Sent from my Commodore 128D

PGP Fingerprint: 63B4 FC53 680A 6B7D 1447  F2C0 74F8 ACAE 7415 0050

> On Dec 5, 2018, at 7:33 PM, Stephen Farrell <stephen.farrell@cs.tcd.ie> wrote:
> 
> 
> 
>> On 05/12/2018 10:22, Bret Jordan wrote:
>> I think we should be more open minded and look at the needs from a
>> 360 degree deployment perspective. 
> 
> I think we should avoid marketing speak.
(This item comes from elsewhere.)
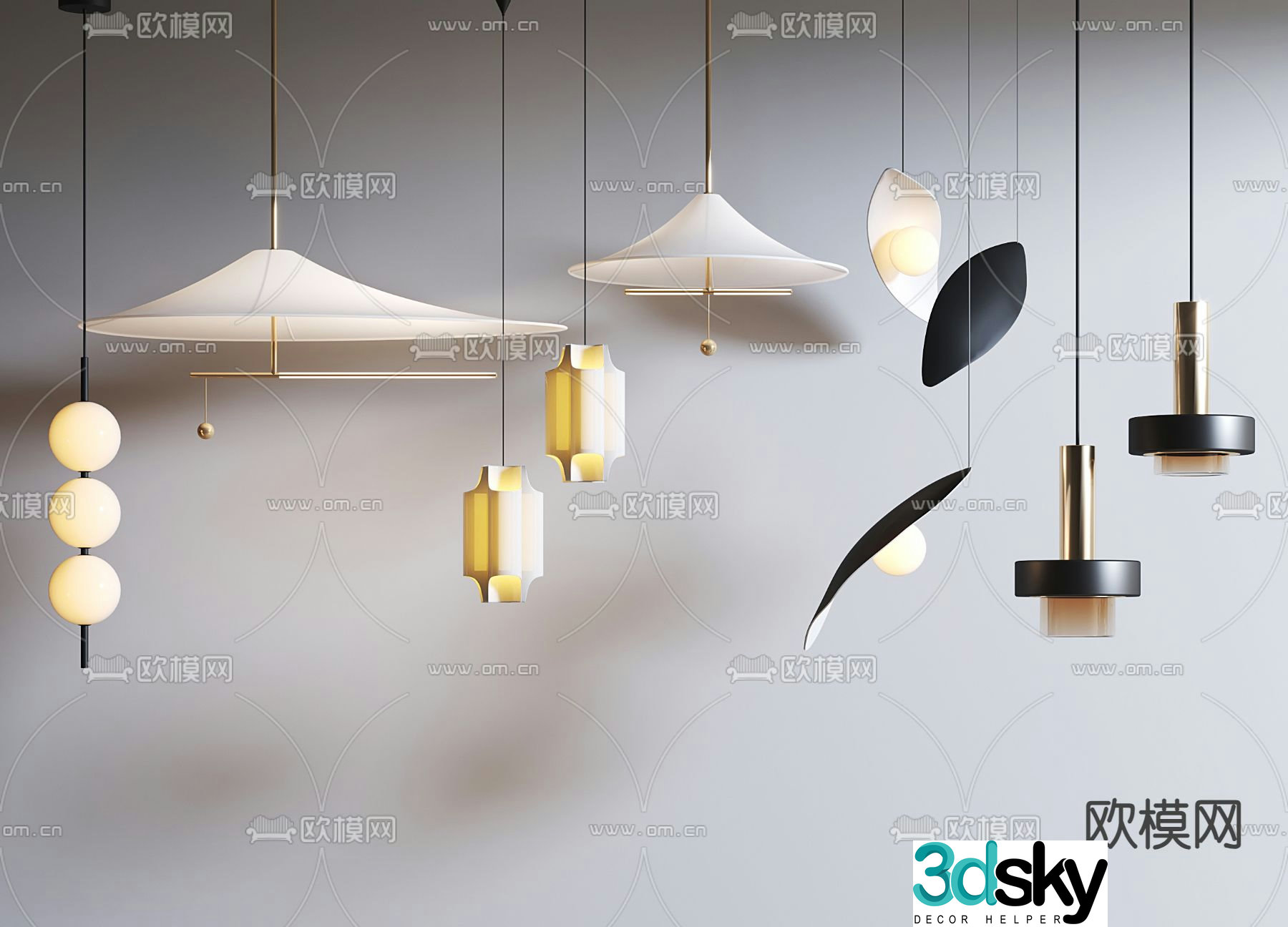 Creative chandelier bedside small chandelier 3d model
This is not marketing speak. This is understanding how these solutions need to be deployed end to end in all of their scenarios from consumer, to small business, to enterprise, to service provider, to content provider, to telco, etc.  


> 
>> The real power of the IETF is in
>> looking at all the needs and requirements and designing solutions for
>> them.
> 
> The IETF is sometimes at it's best when it says "no." This
> is one of those cases.


I disagree.



>> We should flesh this out. It seems like several people on this list
>> so far have proposed options that might work. If we spent half as
>> much time looking for a solution as we have trying to prevent a
>> solution, we would probably be done by now.
> 
> All of the above was done, at length, and we got a result.
> The TLS WG had no consensus to work on this topic.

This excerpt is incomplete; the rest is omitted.